Le soir des faits, Ramiro aurait, de son propre aveux, consommé de l’alcool et du MDMA, une amphétamine, lors d’une soirée éphémère à Esch-sur-Alzette, avant de poursuivre la fête au Lenox Club où il aurait bousculé un jeune homme par mégarde. Un geste qui a, selon le prévenu, mis le feu aux poudres. Le jeune homme – décrit plus tard comme un Parisien – et son ami auraient dégainé des couteaux.
Ramiro aurait été sorti des lieux par le personnel de sécurité avant d’y retourner en fin de soirée. Il y aurait été accueilli par le jeune homme armé d’un couteau. Un autre lui aurait glissé une arme «pour se défendre». Après en avoir fait usage, il aurait pris la fuite et accosté un automobiliste inconnu pour qu’il le conduise à Esch-sur-Alzette. De là, il se serait rendu à Audun-le-Tiche chez une amie, où il s’est fait oublier pendant trois mois. Ramiro est arrêté en boîte de nuit le 7 novembre 2021 à la suite d’un contrôle de police.
Pistes brouillées
Cette version des faits est infirmée par certains témoignages. L’enquêteur rapporte que la sœur du prévenu a indiqué qu’il lui aurait avoué avoir tiré sur un innocent au lieu de la personne qu’il visait. Personne qui pourrait être le jeune homme au couteau : un Parisien qui n’a pas apprécié que Ramiro drague sa copine plus tôt dans la soirée, selon un ami qui se serait trouvé dans la voiture avec le prévenu entre les deux faits. En route pour Esch-sur-Alzette, Ramiro aurait, toujours selon le témoin, insisté pour retourner au club après avoir reçu un coup de téléphone, rapporte le policier. Le même témoin a dit avoir vu le prévenu bondir hors de la voiture, mettre en joue le Parisien et rater son coup.
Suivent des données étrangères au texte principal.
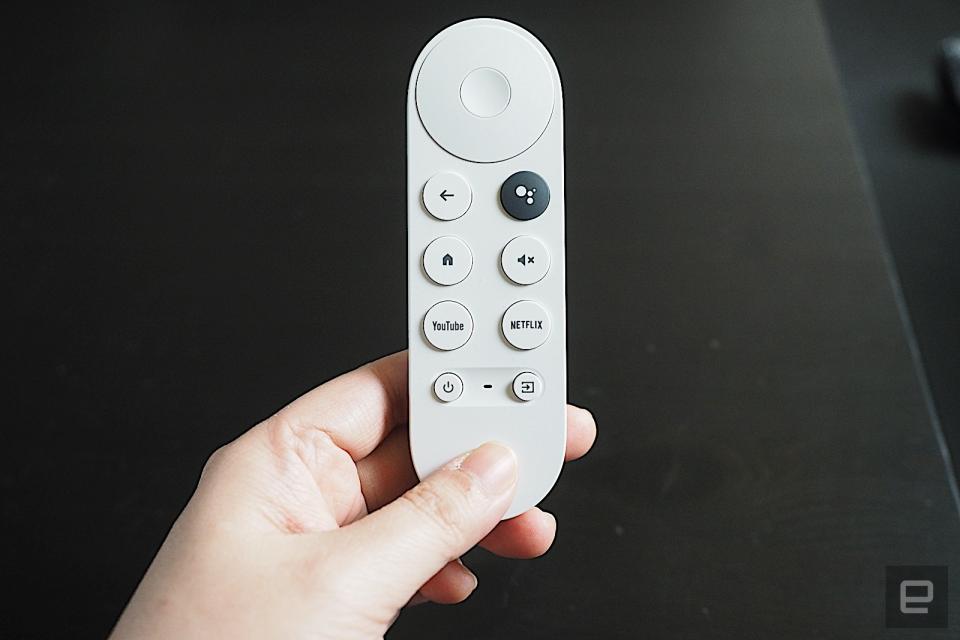 Voice remote for the Chromecast with Google TV (HD) remote. A persons hand holds the white-colored remote against a dark background.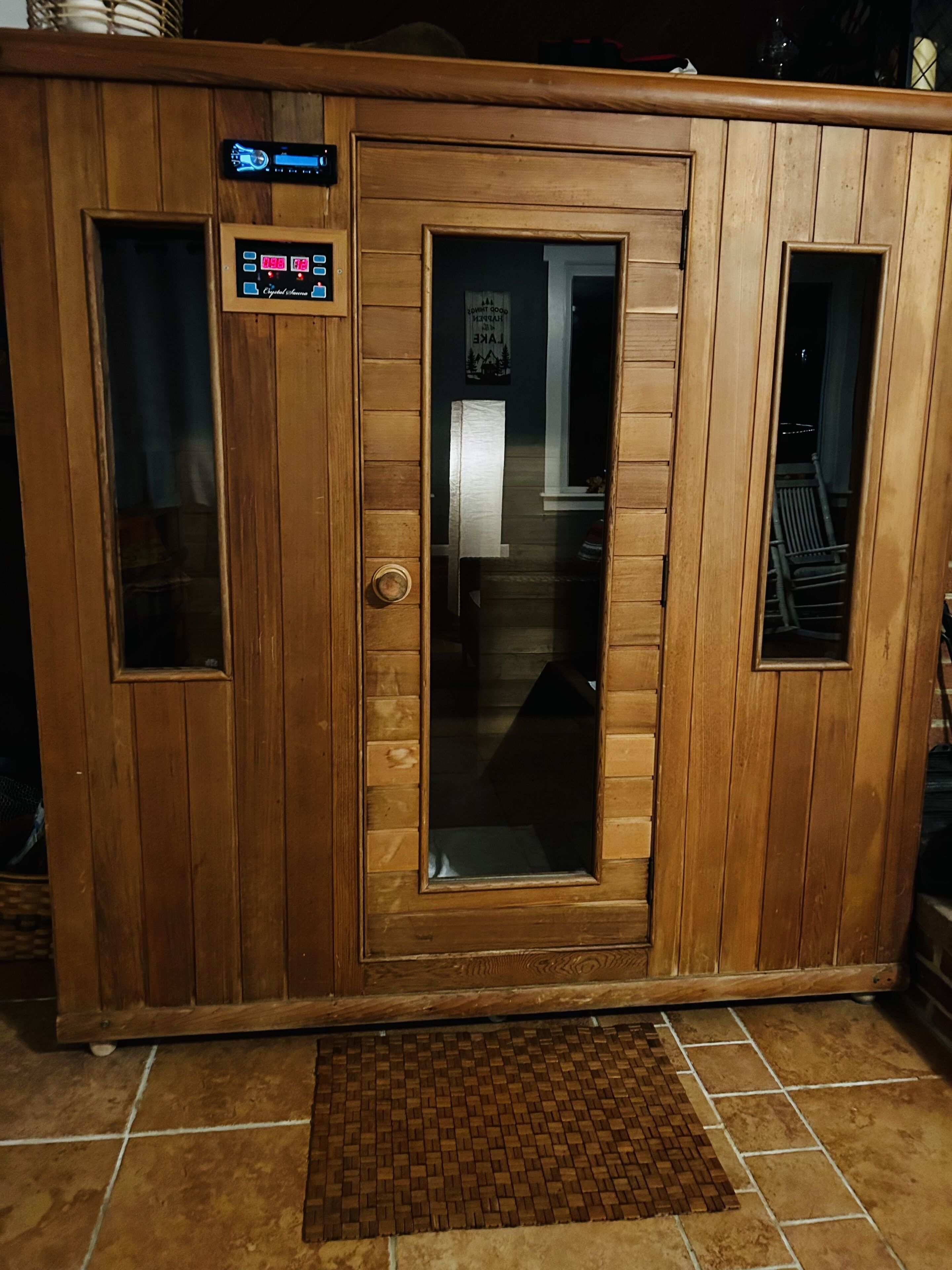 A wooden sauna with a digital control panel, a glass door, and a tiled floor.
Un videur qui se trouvait entre le tireur et le groupe de fêtards, confirme. Ramiro n’a pas tiré au sol. «Son pistolet a explosé en fumée et en étincelles», raconte le videur. «Je me suis avancé vers lui. Il m’a mis en joue, mais son arme s’est enrayée et il est parti en courant. Ses amis m’ont retenu en disant que ce n’était pas mon affaire.» L’homme, qui dit avoir frôlé la mort, s’est porté partie civile et demande 10 millions d’euros pour dommage moral.
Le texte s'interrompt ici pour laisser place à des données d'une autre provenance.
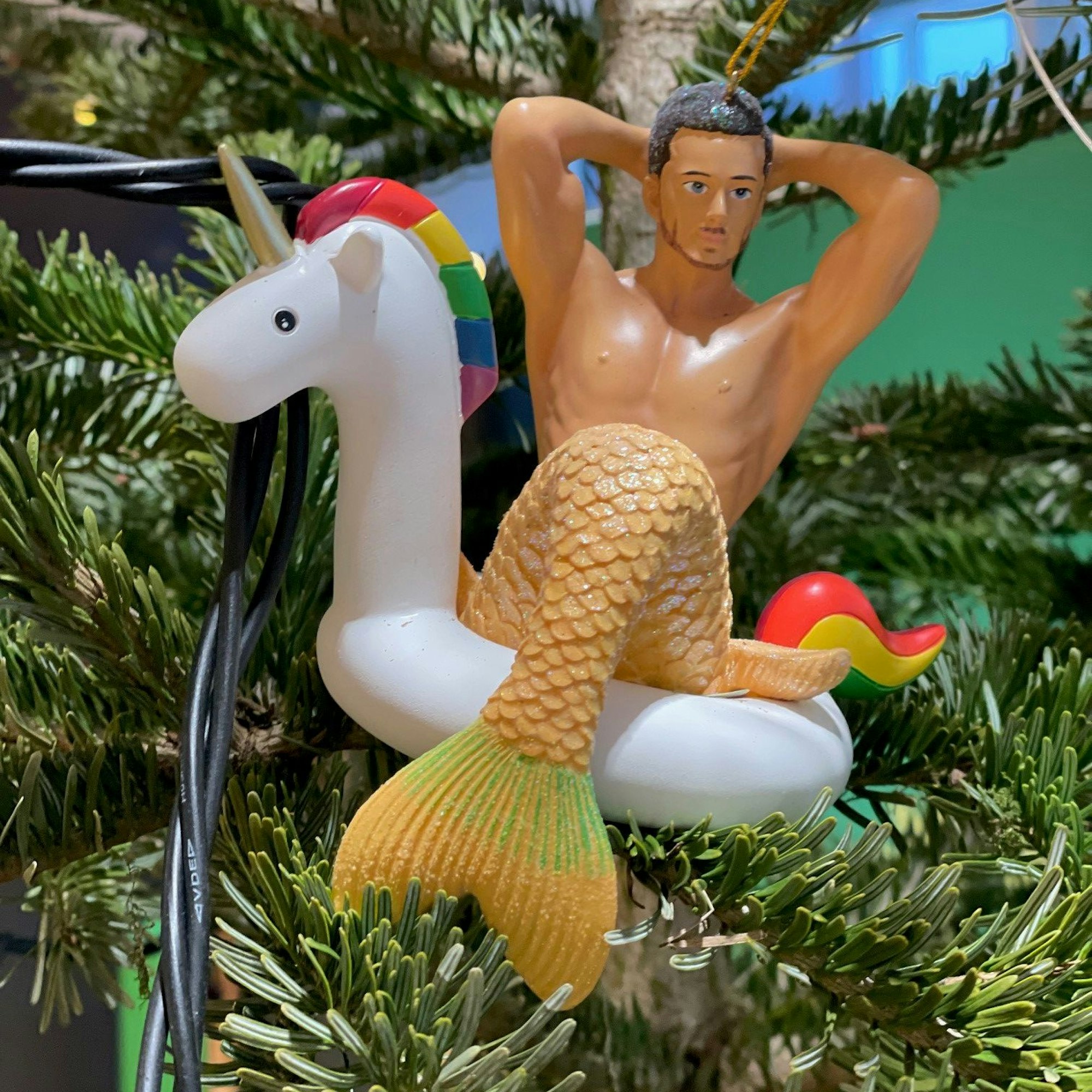 Ein Meerjungmann auf einem Regenbogen-Einhorn ist als Baumschmuck zu sehen.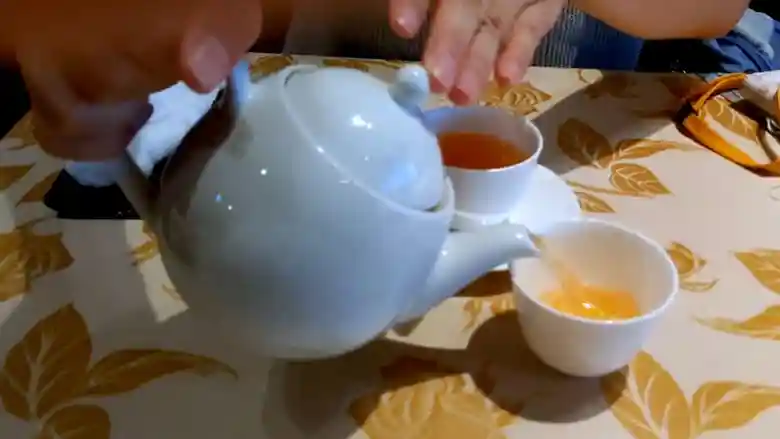 お茶の入ったポットの写真です。ポットは薄い水色です。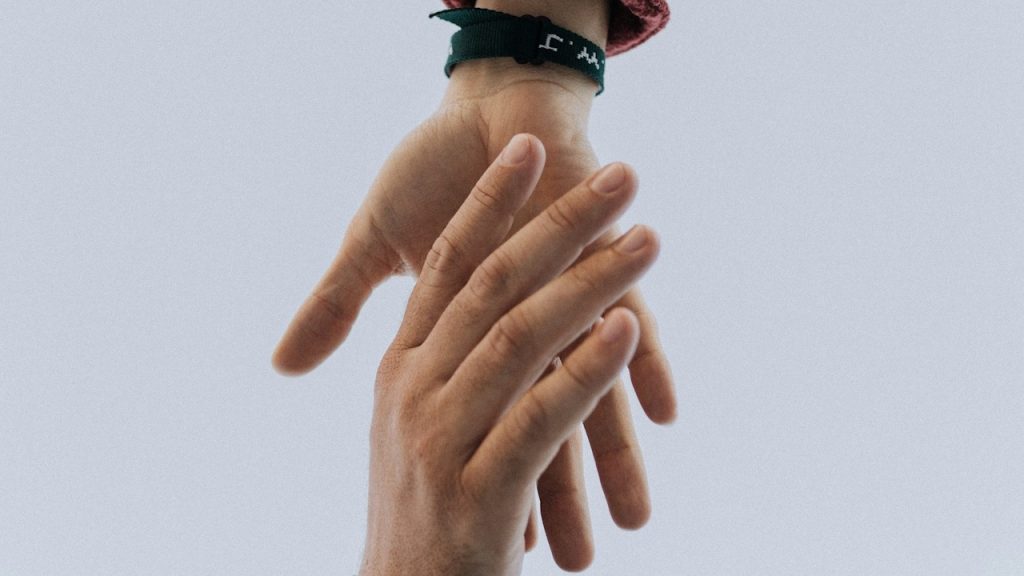 A couple holding hands.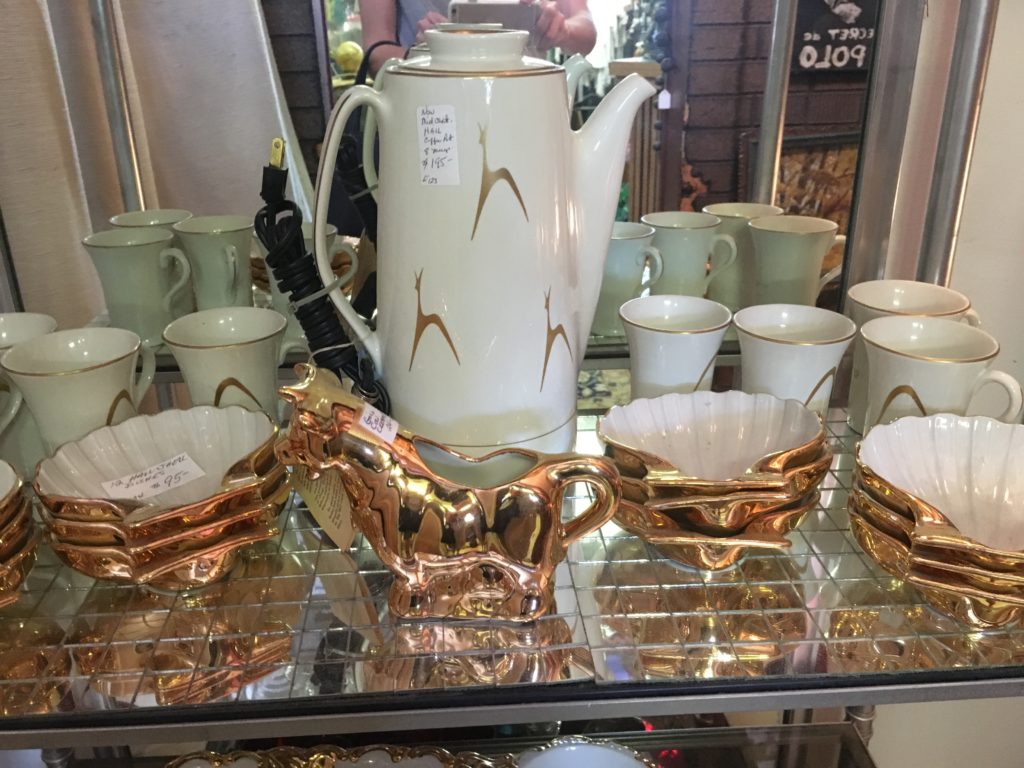 Deer coffee pot and matching cups with gold cow creamer and shell dessert plates that technically don’t go together but really should.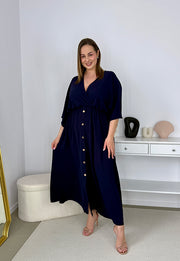 GRETA GŁADKA SUKIENKA PLUS SIZE Z ROZKLOSZOWANYM DOŁEM I GUZIKAMI. GRANATOWA 03 image 5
Si pour ce témoin tout paraît clair, des zones d’ombre subsistent. Ramiro a livré plusieurs versions différentes des faits au juge d’instruction. Une douille et une balle ont été retrouvées sur place, mais elles ont pu être déplacées pendant le mouvement de foule qui a suivi le tir, et leurs positions ne sont dès lors plus exploitables. L’arme utilisée n’a pas été retrouvée. Le prévenu a assuré l’avoir balancée dans un ruisseau quelque part entre Esch-sur-Alzette et Audun-le-Tiche.
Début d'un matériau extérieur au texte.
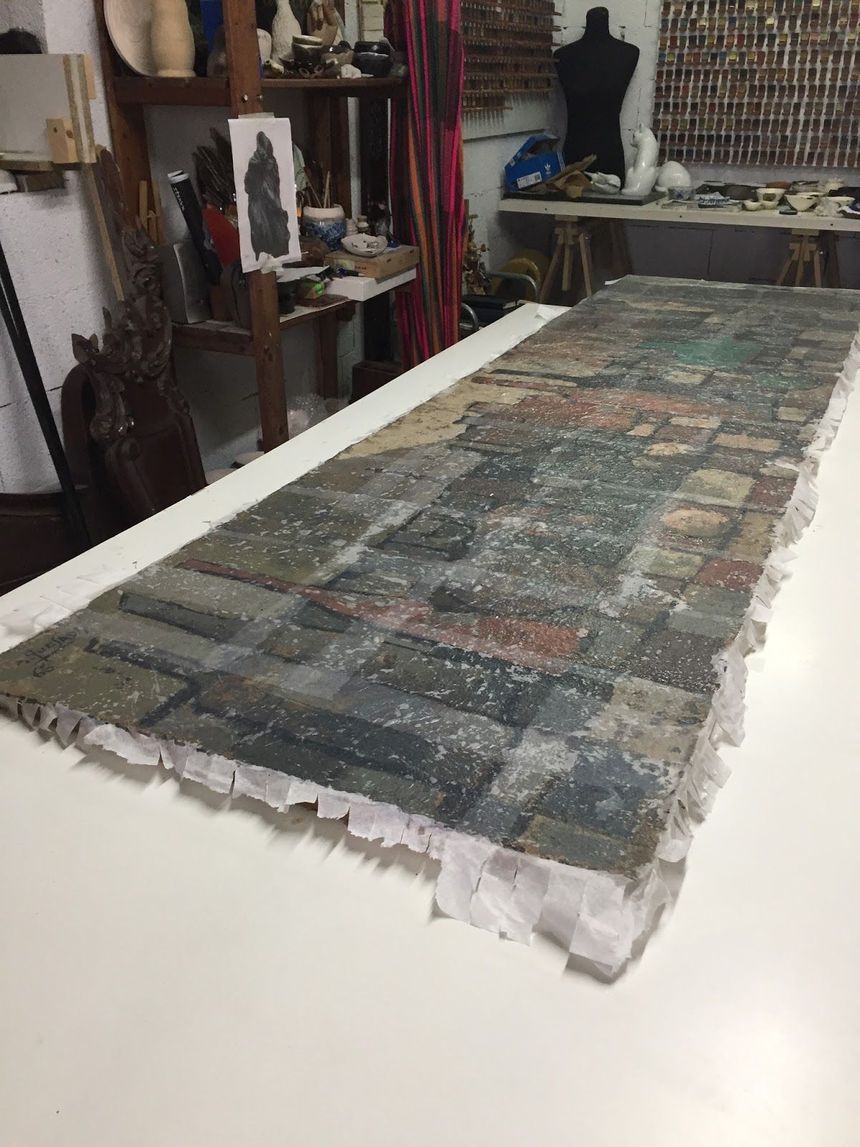 Obra de arte rectangular de gran tamaño sobre una mesa blanca, con una textura similar al ladrillo. La obra tiene un borde claro.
La défense du jeune homme, assurée par Me Geoffrey Paris, s’est engouffrée dans la brèche. Son client aurait eu peur du jeune homme qui l’aurait attendu avec un couteau. Il souffrirait encore actuellement des séquelles d’une attaque au couteau dont il aurait été victime par le passé. Ramiro aura l’occasion de s’expliquer sur les faits cet après-midi. De même que sa victime présumée.